There are some glaring mistakes in P2, though.  One of them has to do with the scene where Thomas floods the garage's elevator with water and Angela presses the up button.  The elevator moves up and takes the water with it.  It looks downright silly, and according to IMDB, elevators are designed to drain the water out through the bottom if such an event occurs.  Two of the smaller mistakes involve the fork that Angela stabs Thomas with (it never stays in the same position) and a scene where a crew member's silhouette is visible on the wall of the rental car area.

One of the other issues with P2 is that it has the dreaded "3 Screenwriter Curse," meaning that three separate writers worked on the script.  In Hollywood, one screenwriter can either be good or bad; two screenwriters (or a two-person writing team) is usually a good bet; but three screenwriters is a recipe for disaster.  Jumper is a good example of this, since it had three screenwriters and was one of the worst movies I saw that year.  A more recent example would be the Sam Worthington vehicle Man on a Ledge, which not only had three screenwriters but was also a one-location film (and played out more like a TV movie than anything else).

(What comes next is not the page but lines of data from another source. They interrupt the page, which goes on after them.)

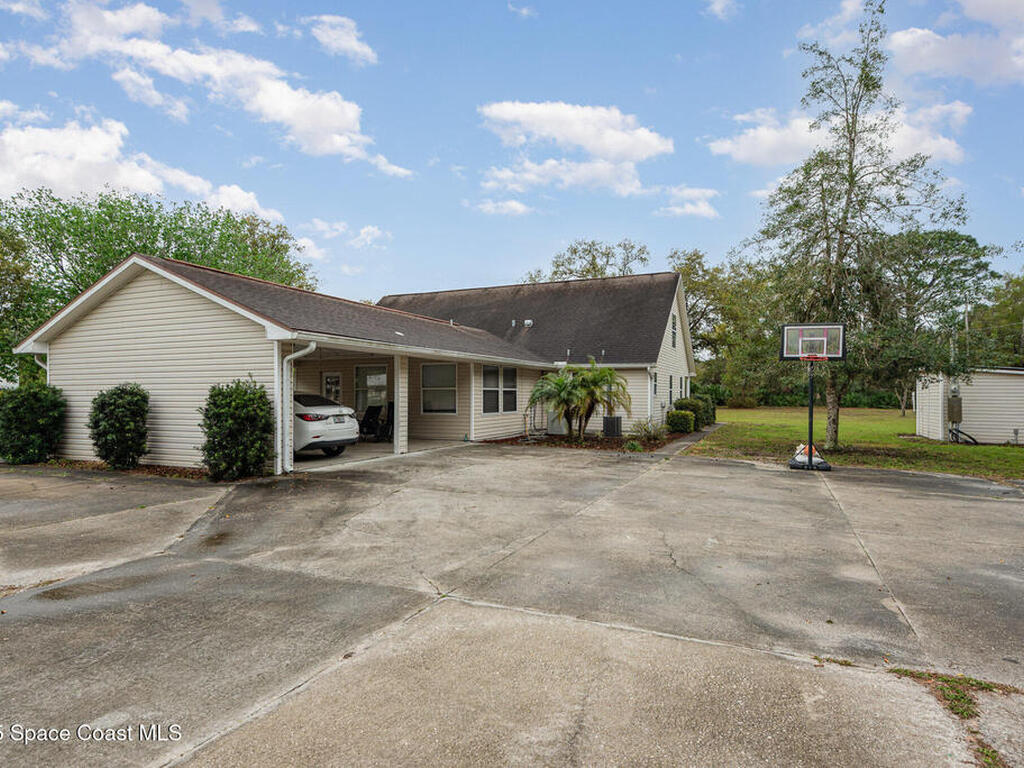 3530 Grantline Road, Mims, FL 32754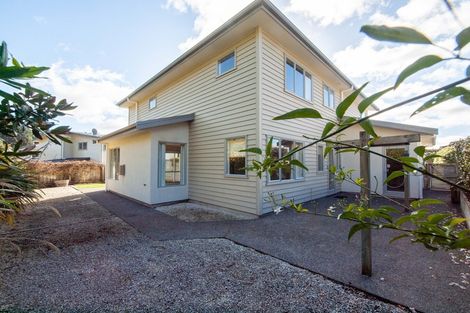 Photo of property in 8 Sedgley Grove, Churton Park, Wellington, 6037
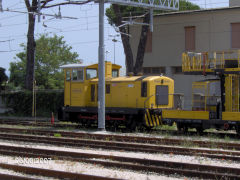 
Service loco at Pisa Station, Italy, June 2007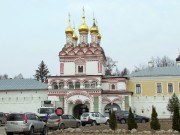 Теряево. Успенский Иосифо-Волоцкий монастырь. Церковь Петра и Павла над Святыми вратами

Do you get what I mean by the 3 Screenwriter Curse?  Good, because I'm here to tell you that P2 rises above the curse and delivers on all fronts.  The script by Franck Khalfoun (who also directed the film), Alexandre Aja (who produced the film), and Gregory Levasseur (who also produced the film) gave us the perfect setup, the perfect amount of dialogue, and the perfect moments of tension to deliver one of my favorite horror films of all time.  I tend to gravitate toward unique, independent productions, and with P2 being an eight million-dollar parking garage film, I knew I had to see it.  I was not disappointed, and you won't be either...though you might become a little leery of being the only car in the parking garage at night.